L’exemplaire de Gand comporte quatre autres planches, deux signées Daret (Agathe de la Croix et Catherine de Raconis), une Huret (Colombe de Rieti) et la dernière portant l’excudit d’Herman Weyen. Les mêmes graveurs œuvrèrent pour les planches du deuxième volume.

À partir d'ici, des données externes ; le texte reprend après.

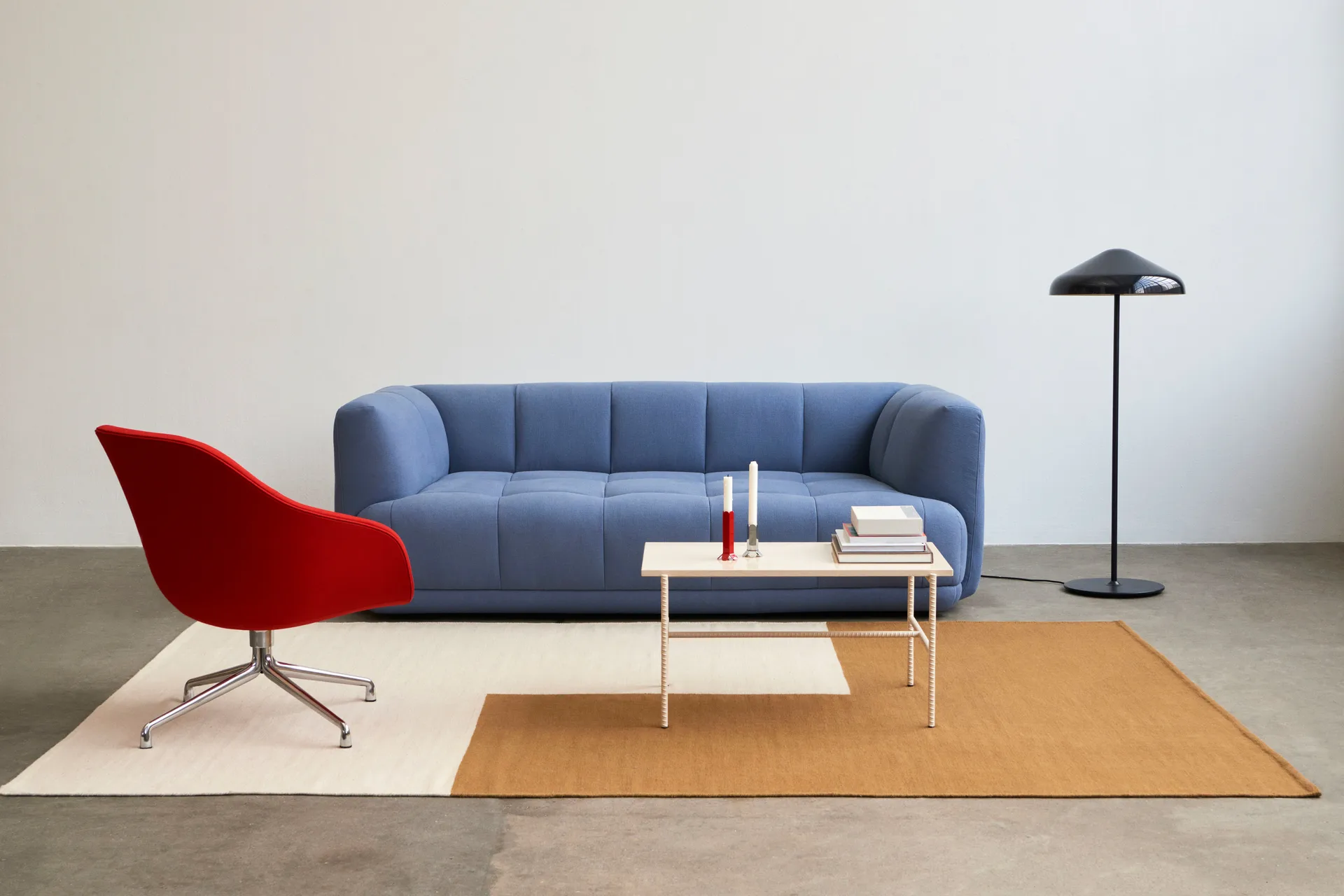 Rebar sofabord 80x49x40,5 cm, Beige marble-alabaster HAY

L’événement mis en scène est ainsi rapporté par Jean de Sainte Marie :
« Toutes 4. [Colombe et trois autres jeunes filles] auoient entendu vne predication d’vn de nos Peres, sur la grandeur & multitude des sains & bien-heureux de l’Ordre : Apres en auoir étallé plusieurs de toutes les villes, au moins des plus fameuses du monde, il n’en produit aucun, qui út honoré de sa naissance la ville de Rieti. Ce discours & cette circonstance émûrent tellement d’vne sainte curiosité ces quatre ieunes vierges, qu’elles fure[n]t exprés à nôtre Couuent, pour interroger le P. qui auoit prêché ; si dans Rieti iamais l’Ordre n’auoit û de sainte. À quoy le P. ne répondant directement, les exhorta de vouloir étre les premieres, & qu’au moins il y en û vne des quatre, qui prit à bo[n] écient le chemin pour l’étre. Elles se retirerent auec ce conseil, & tout ensemble auec dessein de l’executer : mais chacune voulant auoir sa part de cet honneur ; elles s’accorderent que celle-là seule des 4. emporteroit cette palme qui auroit la pluralité des voix. Le sort tomba sur la B. Colombe, qui fut vnanimement choisie de ses trois compagnes. Toutes 4. bien satisfaites l’vne d’auoir été nommée, & les autres d’auoir si bien rencontré, vinrent suplier le même Pere, qui les auoit auparauant si bien exhorté, de ratifier & confirmer leur nomination : il le fit, mais auec vn singulier contentement de son ame, voyant que ces ames angelique auoie[n]t expliqué si literalement le conseil qu’il leur auoit donné. La Bien-heureuse Colombe se voyant nommée pour étre l’honneur deuant Dieu & les hommes tant de son Ordre que de sa ville, redoubla tout aussitôt la ferueur de ses exercices, alongea son oraison, accourcit son sommeil, augmenta ses austerités, & retrancha le plus qu’elle pût des choses qui étoient necessaires à la nature[1][…]. »

[1] Jean GIFFRE DE RECHAC (dit de Sainte-Marie, 1604-1660), Les Vies et actions memorables des Saintes Bien-hevrevses, op. cit., p. 617.